Do we really know what "Live" music sounds like?


Do we really know what music sounds like?

Pure, live, non-amplified, unadulterated music.

Musicians do but most layman do not.

Interesting read by Roger Skoff.

Enjoy.

 

128x128jerryg123

@coltrane1 

You are correct. You are never going to hear an unamplified rock concert.

 

‘’Although I listen to all kinds of music, I found it was classical concerts and acoustic jazz was what you needed to listen to to in order to zero in your audio system. It would make other kinds of music sound better as well. This helped me develop an empirical ruler, hence helping all music.

 

Alternatively if you only liked rock… you could get JBL and try to get yourself into a recording studio to understand how it was mixed.

 

 

@jim5559 

Some of the concerts I have been to in the past few years are Bryn Terfel, Simrit Kaur, Tool, Joe Bonamassa and Richard Thompson.

Does the fact that I listen to a wide variety of music, including rock, make me clueless or not?

@jssmith 

"Unamplified live music is affected by the room. This has just as much or more bearing on the sound then an "amplifier."

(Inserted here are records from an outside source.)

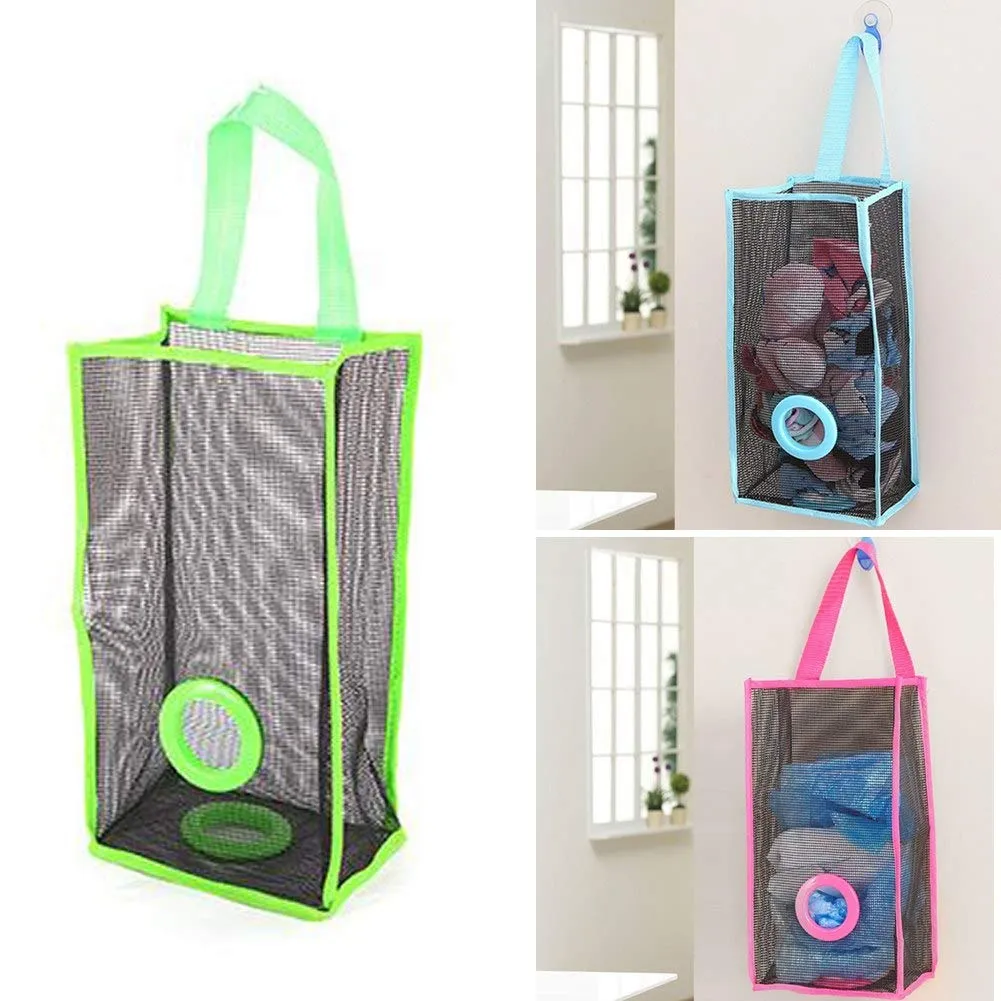 Plastic Bag Holder, Dispenser Hanging Storage Mesh Garbage Big/Trash Bags Organizer Recycling Grocery Shopping Pocket Hanging Containers for Kitchen - Random Color buy online in Pakistan
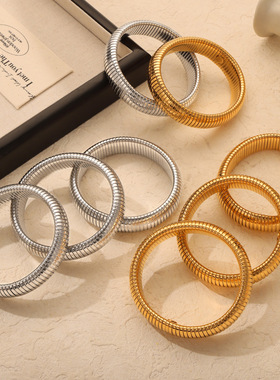 时尚通勤简约个性弹簧饰品女几何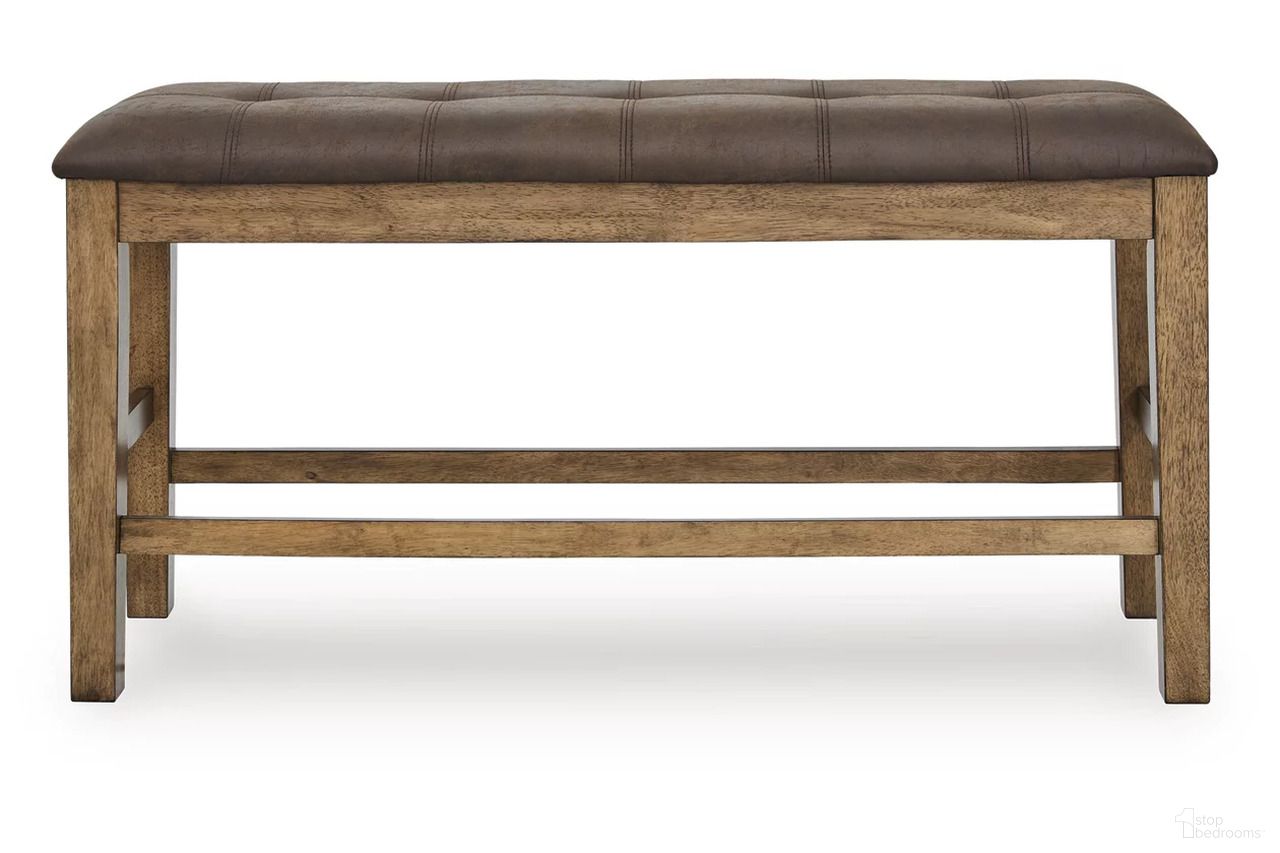 The appearance of Vallister Counter Height Dining Bench In Light Brown designed by Signature Design by Ashley in the transitional interior design. This light brown piece of furniture was selected by 1StopBedrooms from Vallister Collection to add a touch of cosiness and style into your home. Sku: NCD592-09. Material: Leather Match.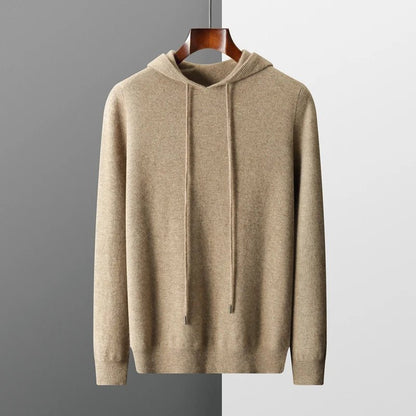 100% CASHMERE HOODED SWEATER - LORMIER - 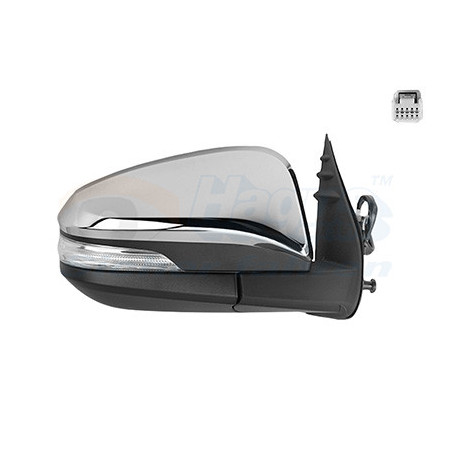 Rétroviseur électrique complet droit chauffant chromé avec sonde de température rabattable électriquement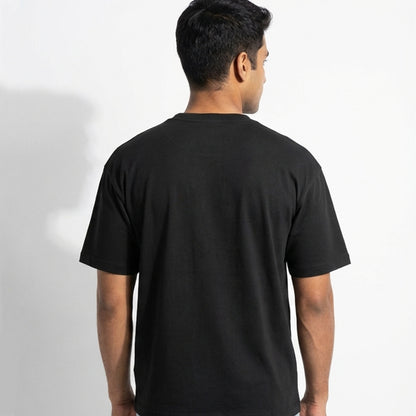 Source File - Black Coding Round Neck T-shirt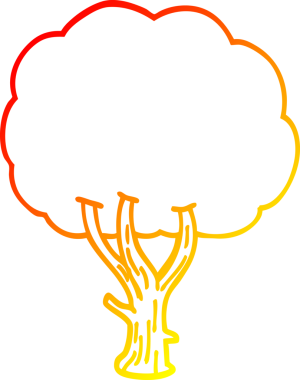 Bir insan tarafından çizilmiş karikatür ağacının sıcak çizgi çizimi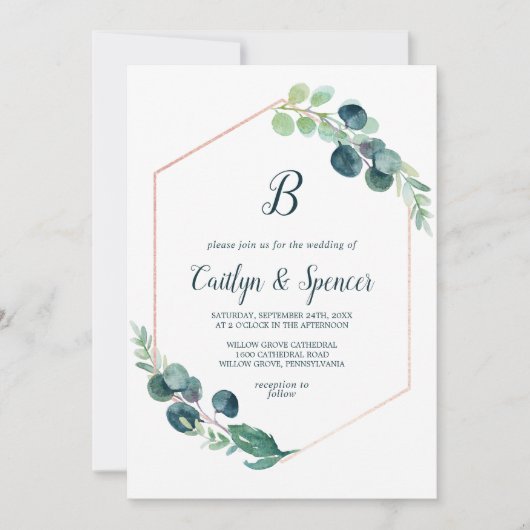 Invitation Verdure luxuriante Rose or Mariage Monogramme géom (Devant)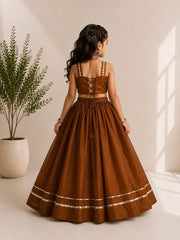 Girls’ Brown Gamthi Mirror Work Chaniya Choli Set with Dupatta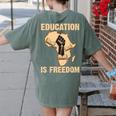 History Education Is Freedom African Map Black Teacher Women's Comfort Colors T-Shirt Back Print Moss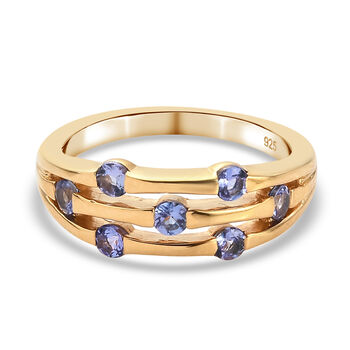 Tansanit Ring 925 Silber vergoldet (Gr&ouml;&szlig;e 16.00) ca. 0,57 ct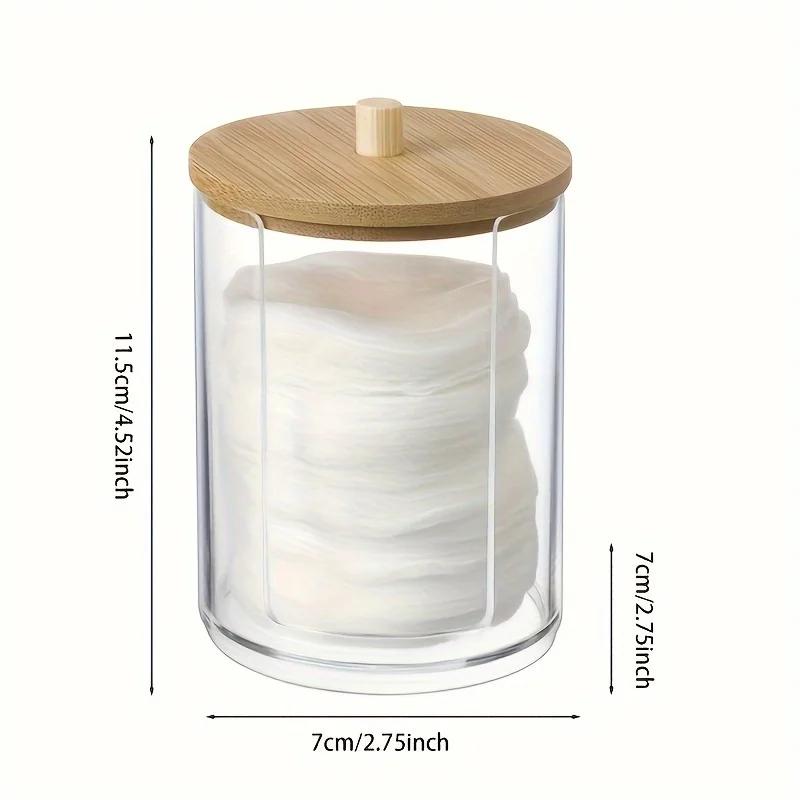 1pc Bamboo-covered Cotton Swab Box, Acrylic Round Storage Cup, Transparent Cotton Pad Box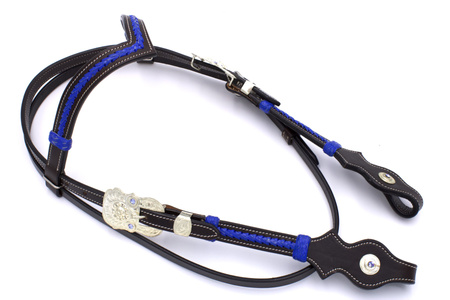 Ogłowie LpTrick / czarne z niebieskim plecieniem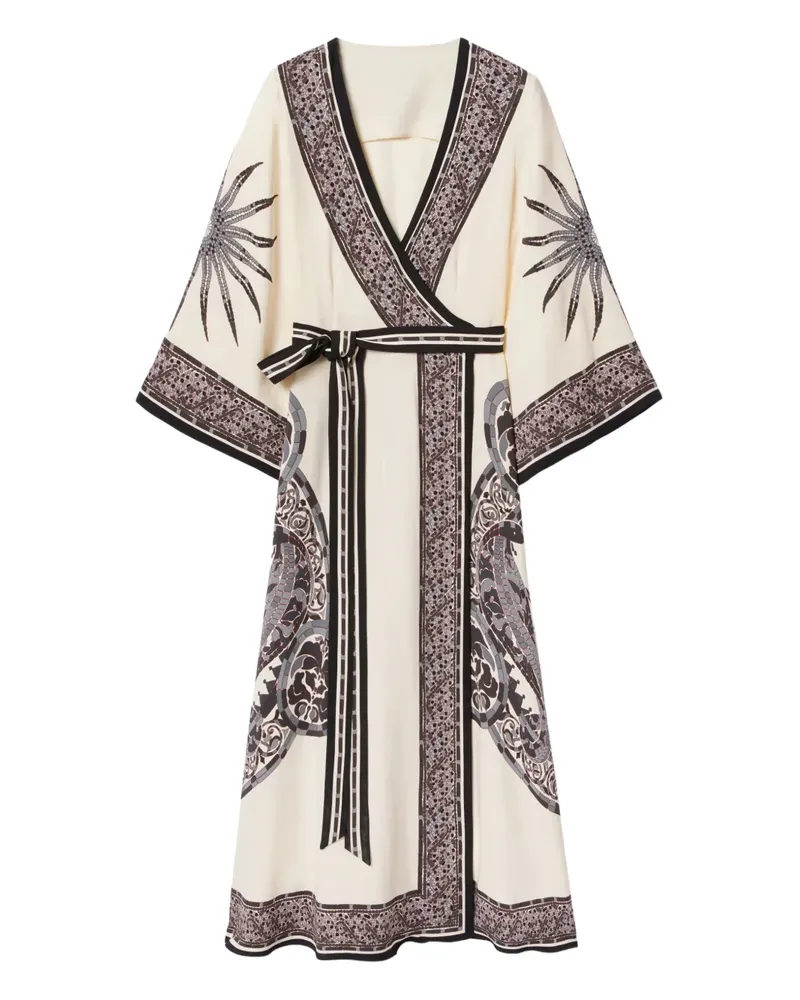 La DoubleJ Maxikleid in Wickeloptik - Grau Grau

  1. Typically, unamplified music is not performed in a "room". It is performed in a music venue acoustically tuned for live music and voice.
  2. If the music in that venue is fed through an amplifier, it is most certainly degraded when compared to the unamplified version.
  3. Music + room will always be superior to music+ amplifier + room.

Going to electrified concerts, like rock concerts, makes you better able to make judgements on equipment when playing recordings of live concerts, but not studio albums.

Sounds like from where - a foot from the source? 50 feet from the source? Back of the hall at an arena? Live music sounds really different depending on where you're listening from. So the answer is yes and no.